# Drilling on the lathe



## Rangertrek (Jan 26, 2009)

Well, I converted to drilling my blanks on the lathe last weekend.  I scr...up two blanks trying to drill a 10.5mm hole in Blackwood for a Jr. Retro Christian Fish pen.  The  blanks were in a pen drill vise and the bit 'wandered' off center anyway.  The bench top drill press is a little sloppy and the combination caused a bad start to drilling the blank.  The bushing barely even covered the hole.

My question is ... What tips do you have for drilling on the lathe?

I am using a drill chuck on the live center and a baracuda chuck to hold the blank on the business end.  I can adjust the blank in and out of the chuck to expose more or the blank.  Is there a better way, or preferred way to do this?
Thanks for any comments.


----------



## leehljp (Jan 26, 2009)

John,

I am interested in other peoples responses also. I use this method on special occasions when I need pin point entry and exit. I square my blanks as best as possible, but if one side is 1/32 wider than the other, I try to go from there rather than trying to square any more. 

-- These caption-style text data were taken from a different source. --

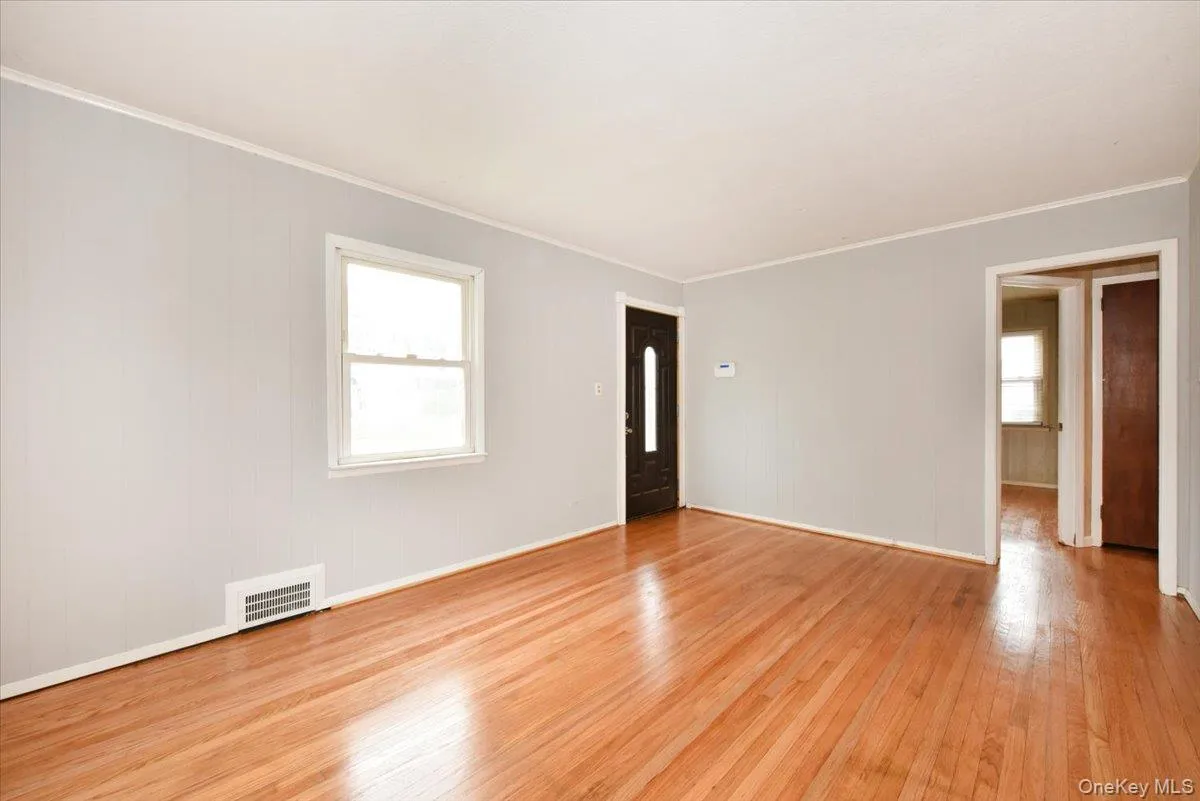 235 Madison Avenue, Hempstead, NY, 3 Bedrooms Bedrooms, 7 Rooms Rooms,1 BathroomBathrooms,Residential,For Rent,Madison,0,1048104 235 Madison Avenue, Hempstead, NY, 3 Bedrooms Bedrooms, 7 Rooms Rooms,1 BathroomBathrooms,Residential,For Rent,Madison,0,1048104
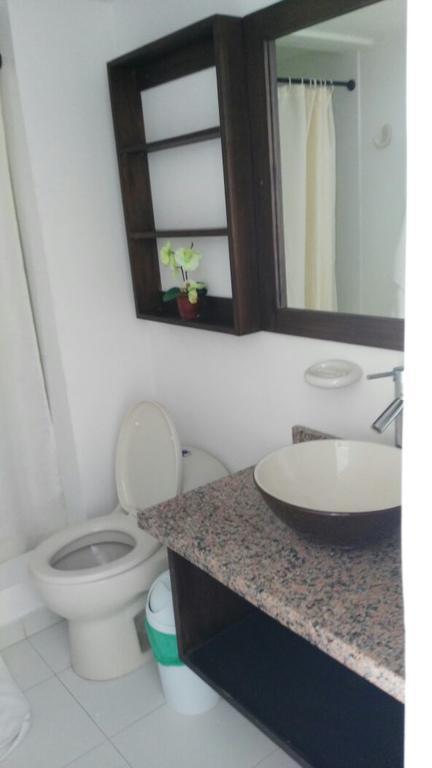Solymar-edificio Bay Point Apto 703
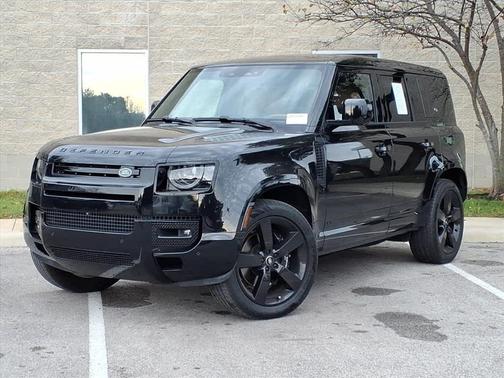 2024 Land Rover Defender 110 V8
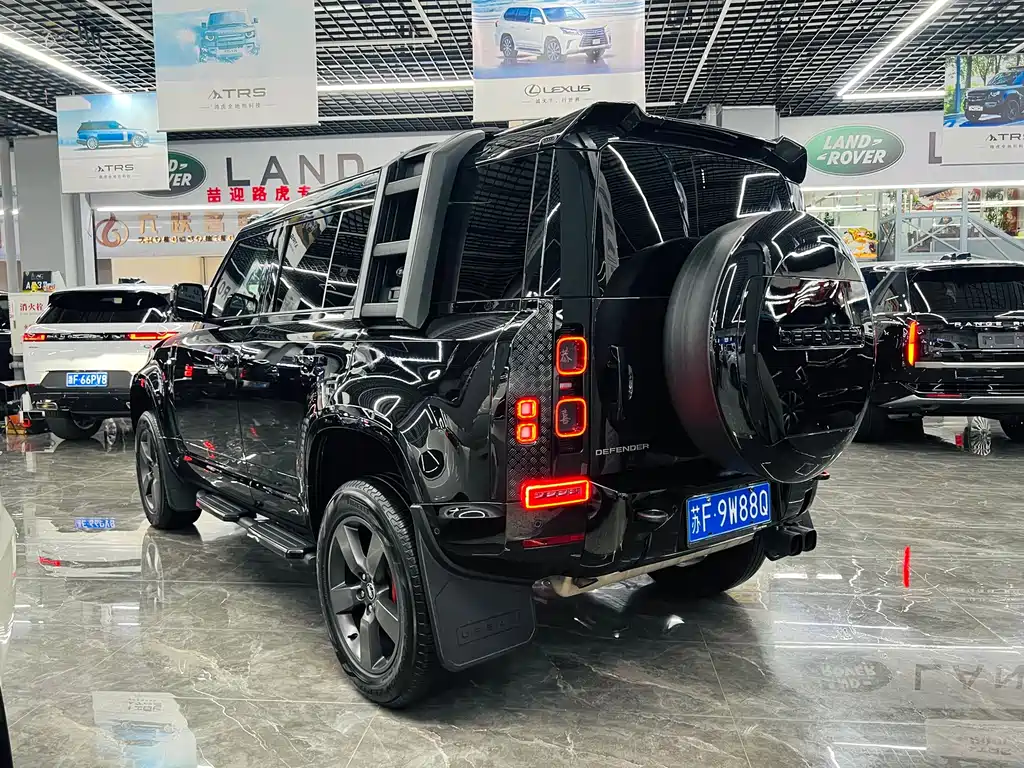 Land Rover Defender — миниатюра 7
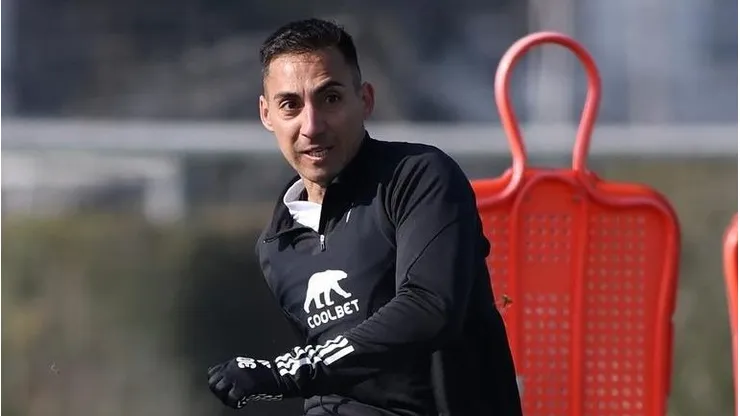 En Colo Colo entregan plazos para la vuelta de Javier Correa.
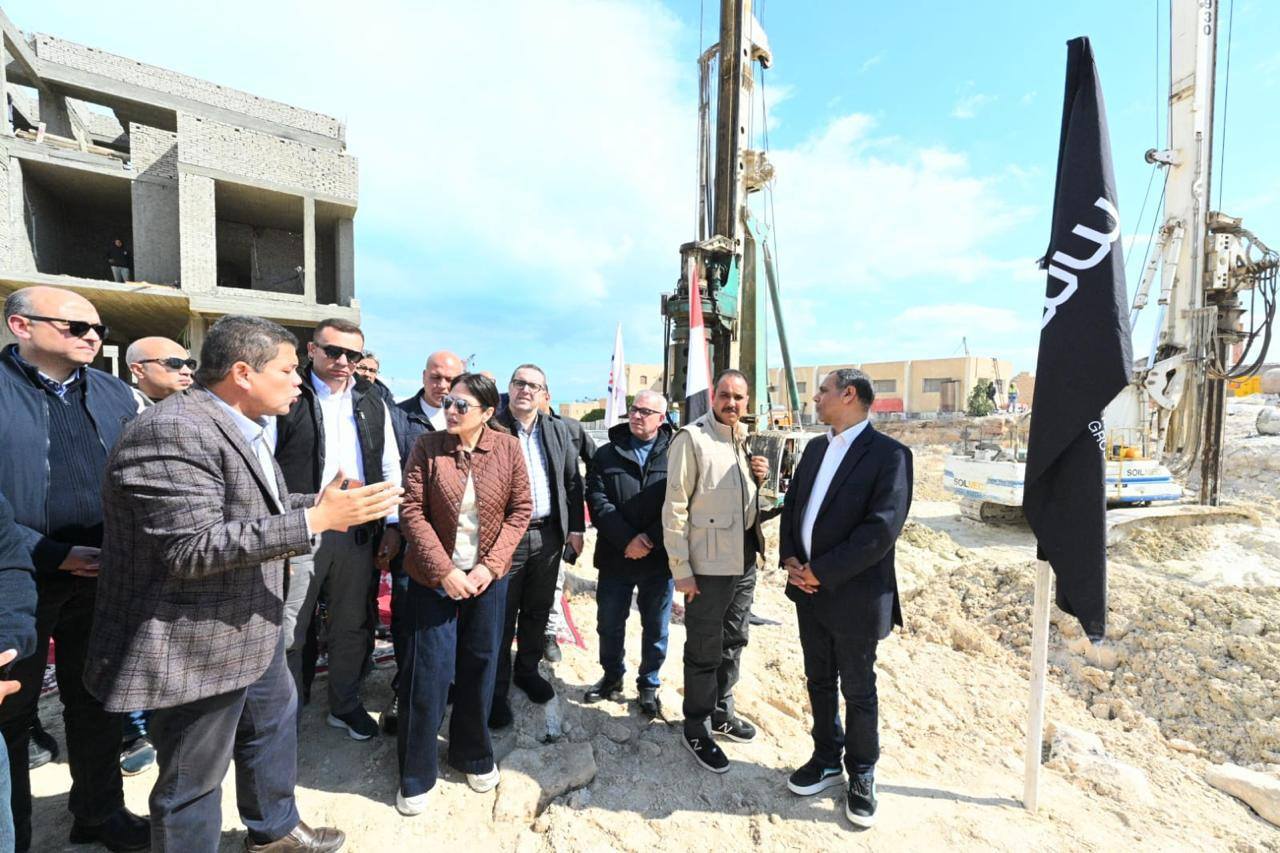 وزيرة الاسكان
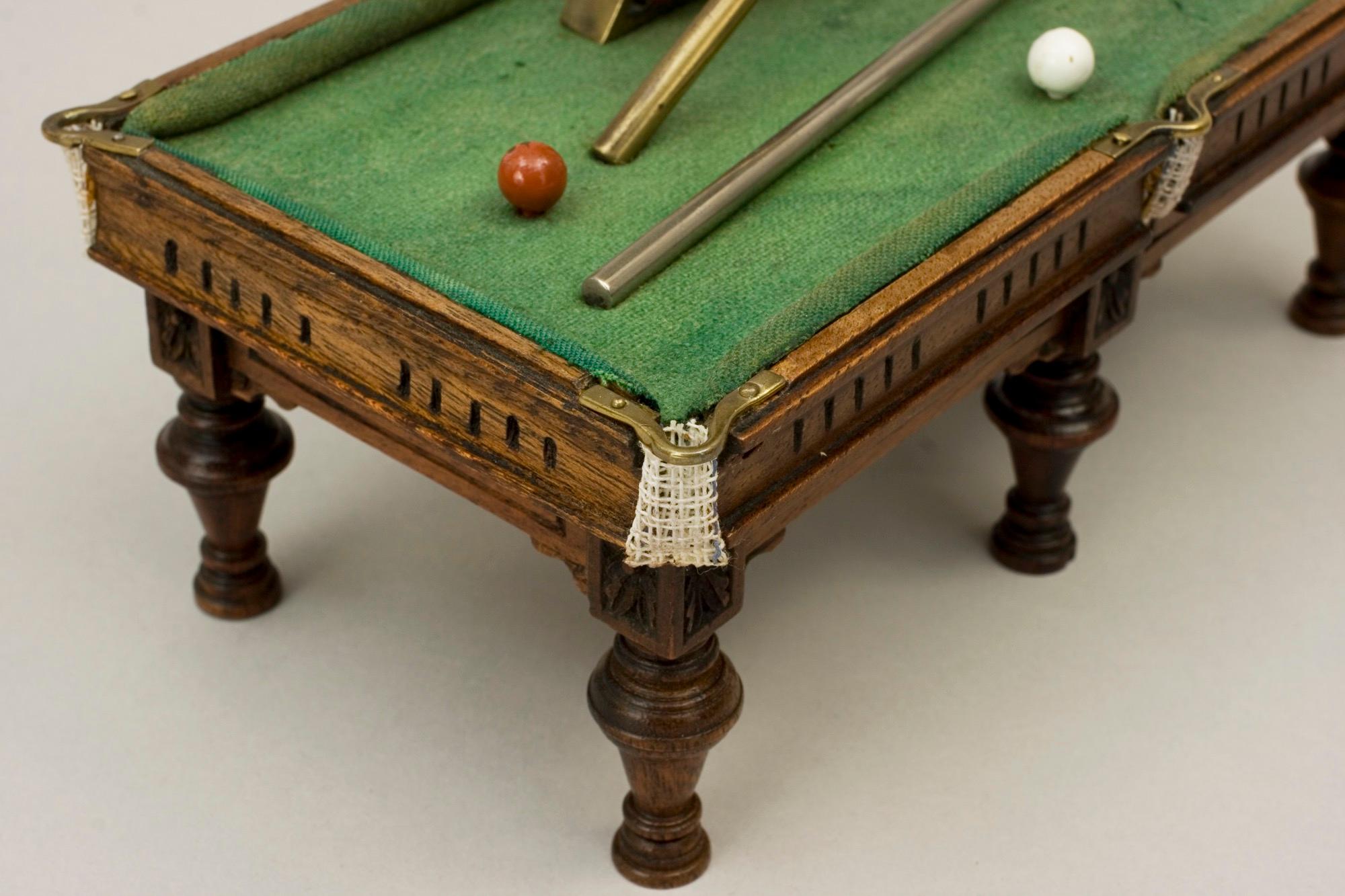 Britannique Horloge de billard ancienne fantaisie en vente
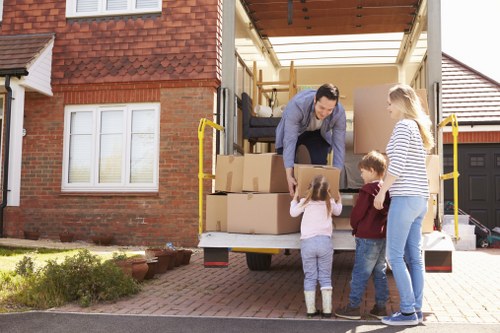 Accessible moving service information for Man With Van Deptford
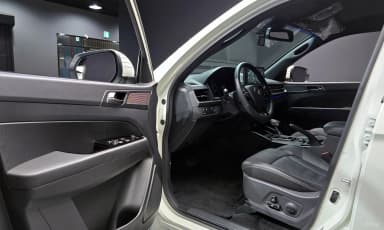 Rexton Sports Khan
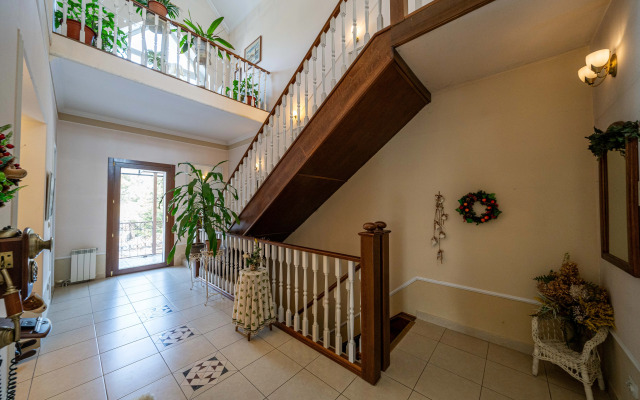 Частный дом Большой уютный коттедж с баней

I put the squarest end on the chuck end. But I check, mark and double check where I think the center point is on the unsquare end. IF I am using a brad point, I can start the hole just where I want. If the hole is a size that I don't have a brad point, I ream out the starting point and then use my bit.

This helps me adjust the blank to be perfectly in line with the bit.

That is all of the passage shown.